Hewlett-Packard, the world's leading computer maker, reported a 28 percent spike in profit for the most recent quarter as sales of laptops rose nearly 50 percent and international business soared.

The Palo Alto-based computer and printer company reported earnings of $2.2 billion, or 81 cents a share, compared with earnings of $1.7 billion, or 60 cents a share for the same period a year ago.

HP's computer division had a 30 percent revenue jump to $10.1 billion for the quarter ending Oct. 31. Shipments were up 31 percent. Meanwhile, HP's software business doubled in revenue, reaching $698 million. Software sales got a boost from the company's acquisitions, including Mercury Interactive.

For the fiscal year, the company reported revenue of $104.3 billion, a 14 percent jump from the previous year and the first time HP has racked up $100 billion in annual sales.

"We had a strong quarter characterized by double-digit growth across all our regions," HP Chairman and Chief Executive Mark Hurd said in a conference call with analysts. "We did this while continuing to make progress on our cost structure. I am confident we can continue to execute with discipline and produce another year of strong financial returns."

As fears of an economic slowdown spooked the markets, analysts probed Hurd about his economic forecast. While declining the role of economist, the CEO of the world's largest information technology products company eased some concerns with an upbeat fiscal 2008 guidance.

The company predicts earnings, excluding one-time charges, of 80 cents a share in the first quarter, which is 3 cents higher than what analysts had forecast. HP expects sales of $27.4 billion to $27.5 billion, also higher than the $27 billion analysts were expecting. The company expects revenue for fiscal year 2008 to be $111.5 billion.

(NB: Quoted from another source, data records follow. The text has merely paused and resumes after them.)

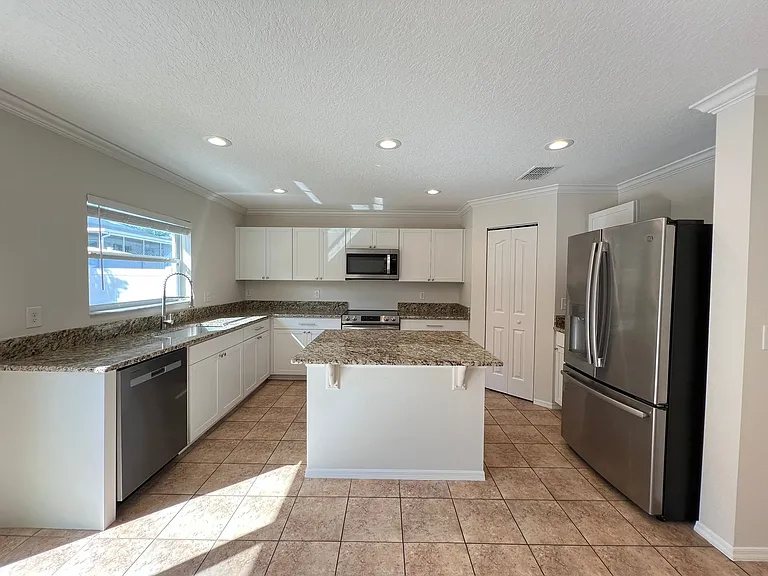 13740 Laranja St — Photo 3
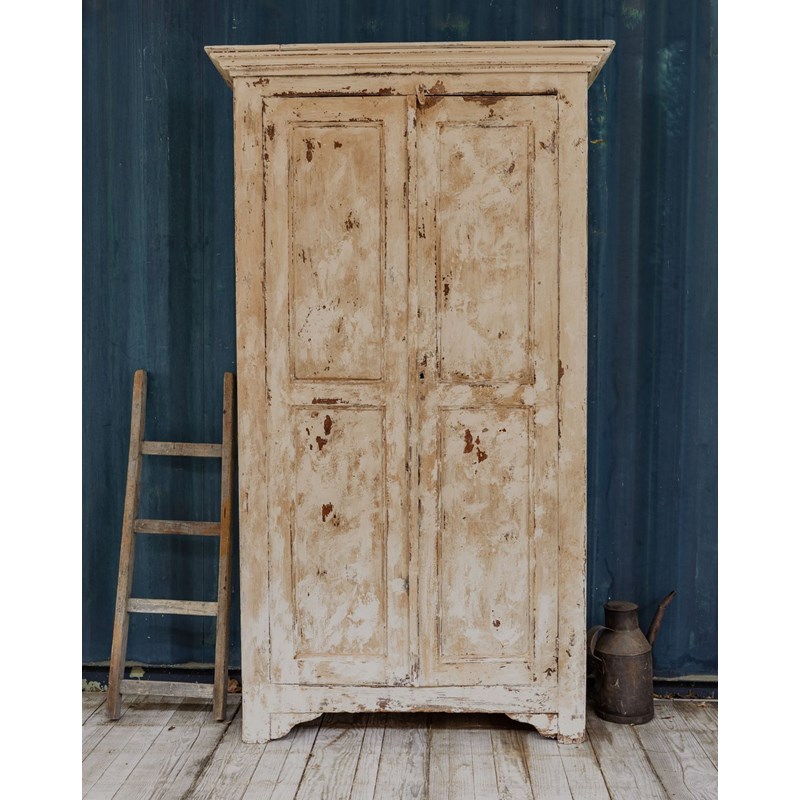 Armoire parisienne en bois patiné beige n°350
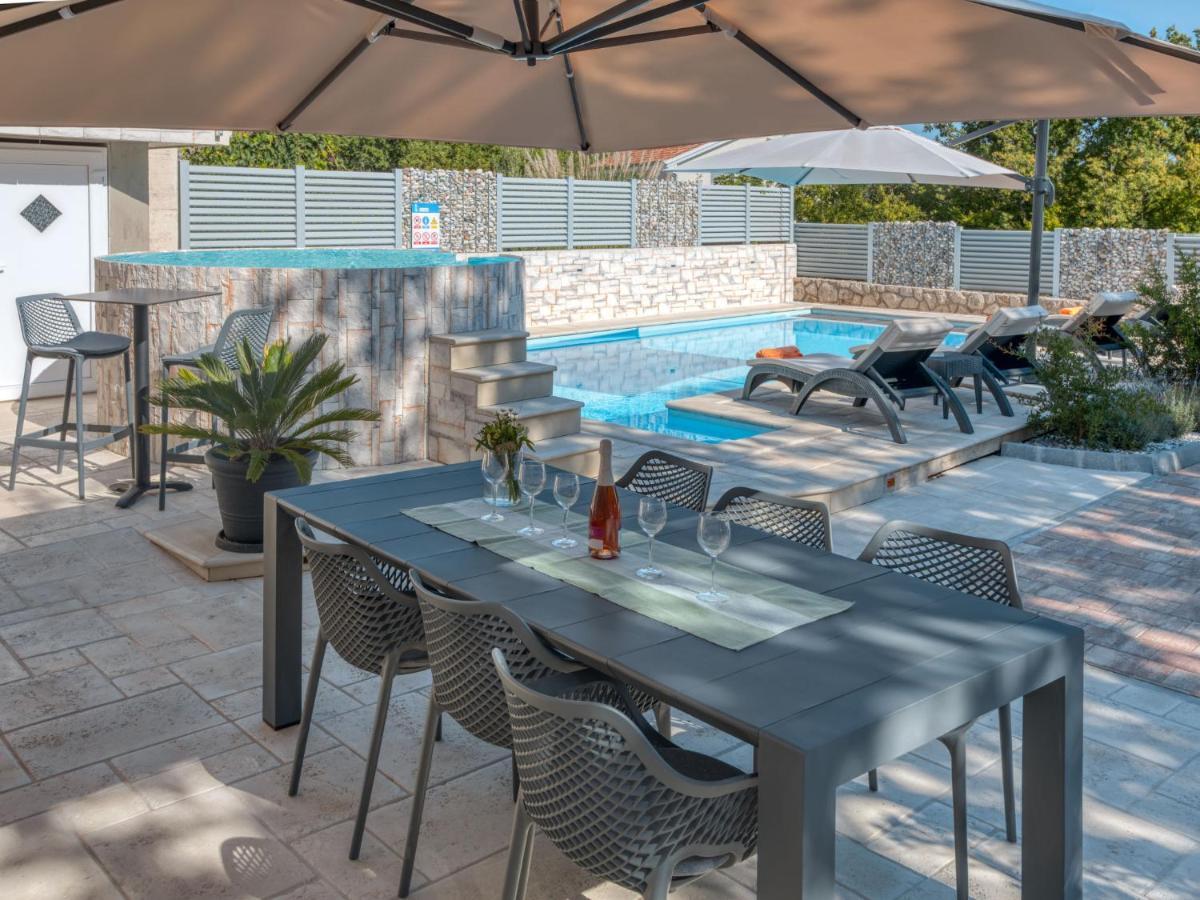 Holiday Home Lavendel - Mlk159 By Interhome Dobrinj Dış mekan fotoğraf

Hewlett-Packard also announced it was setting aside an additional $8 billion for share repurchases, indicating the company believes its share to be undervalued.

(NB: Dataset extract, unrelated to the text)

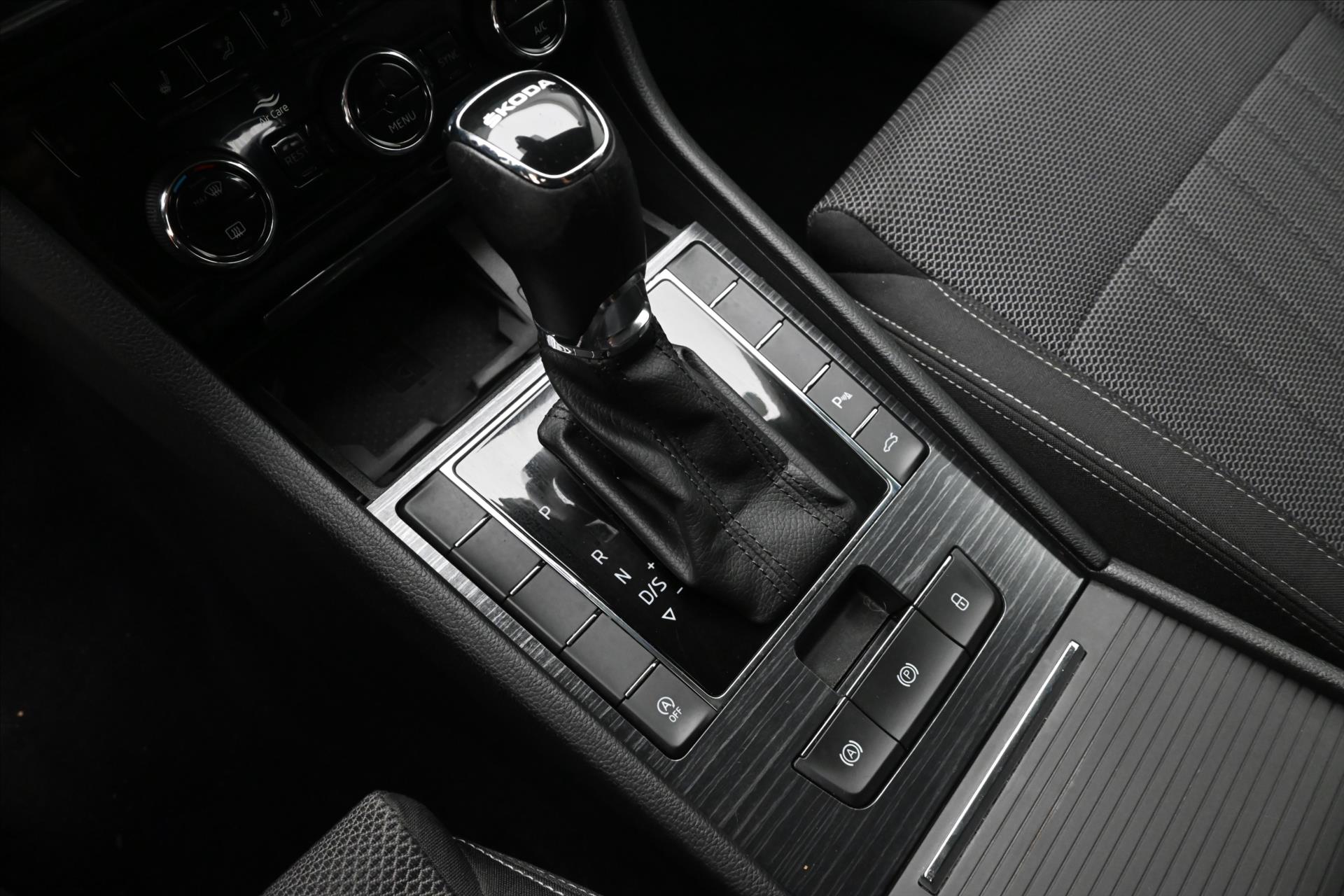 Hlavní fotografie vozu Škoda Superb 2,0 TDI 110 kW DSG Style Záruka až 5 let (21)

Overall, analysts viewed the company's financial snapshot as a hopeful sign, particularly after Cisco Systems reported weak sales to U.S. corporations a week and a half ago.

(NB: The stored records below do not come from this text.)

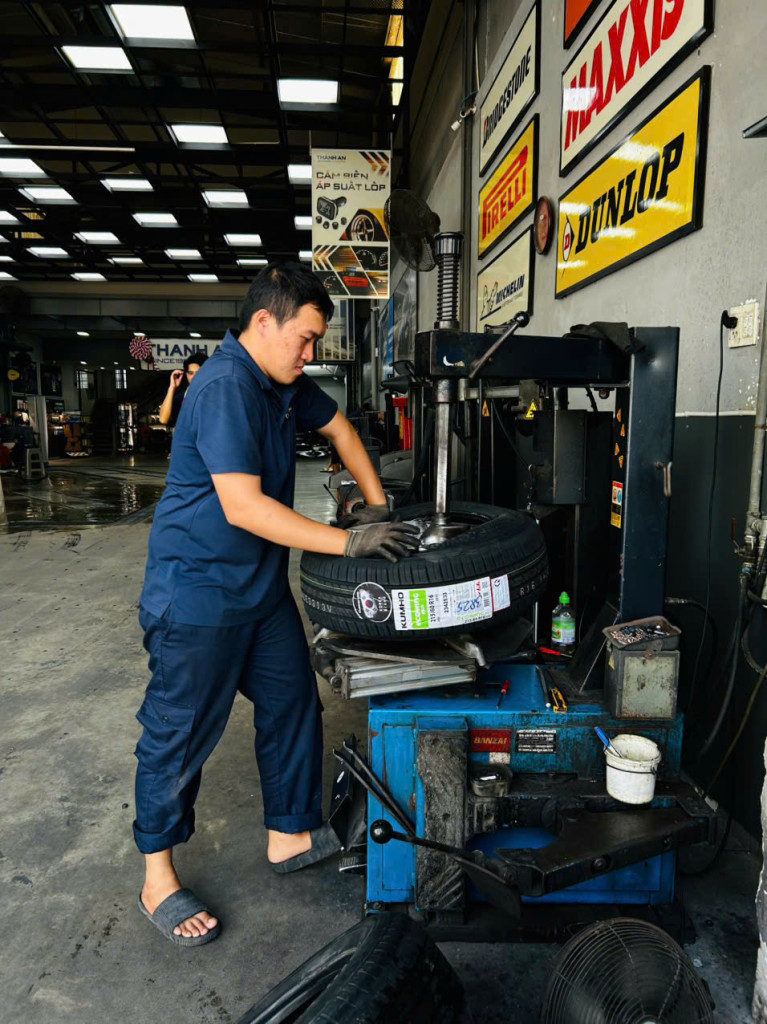 Kỹ thuật viên đang thực hiện thay vỏ xe Kumho 215/60R16 ES31 nhanh chóng tại gara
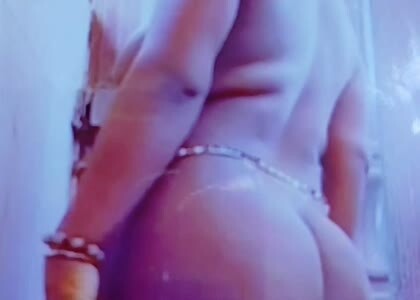 Selling Nudes and Videos Online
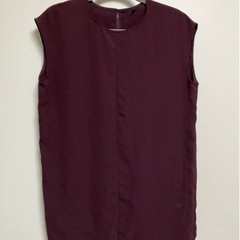 美品　ユニクロ　UNIQLO ノースリーブラウス　ワイン　H&M...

"Obviously, the concern that the IT spending environment would come to a screeching halt is alleviated," said Pacific Crest Securities analyst Brent Bracelin. "HP is the largest IT supplier in the world and its comments are that things are healthy and spending continues to be healthy."

Hewlett-Packard, though, is not as reliant on the U.S. market as other tech companies. For the fourth quarter, the company reported that nearly 70 percent of its revenue came from overseas.

"They are the most global company among large hardware companies," observed American Technology Research analyst Shaw Wu. "Being more international is an advantage these days."

While the PC sales were impressive, HP's Imaging and Printing Group represented 42 percent of the company's $2.63 billion in operating profit for the fourth quarter, almost twice that of the Personal Systems Group, which includes PCs.

"Their performance in the last three years has been two-pronged," said Michael Cuggino, president of Permanent Portfolio Fund in San Francisco, who overseas $1.5 billion in investments, including shares of Hewlett-Packard. "On the one hand, they are reducing excess costs and infrastructure. HP was a bloated organization for a while. At the same time, they've been growing revenue and gaining market share. When you look at PCs and services, they've been doing a great job."

Still, Hewlett-Packard will continue to face multiple battles with giants like IBM and Dell, which is "having a midlife crisis," Cuggino said.

Cost-cutting can take a company only so far, he added.

"The real challenge going forward is going to be less about streamlining operations and more about achieving sustained revenue growth in the face of pretty tough competition."

Shares of HP were up 83 cents, or 1.7 percent, to $50.27 in after hours trading.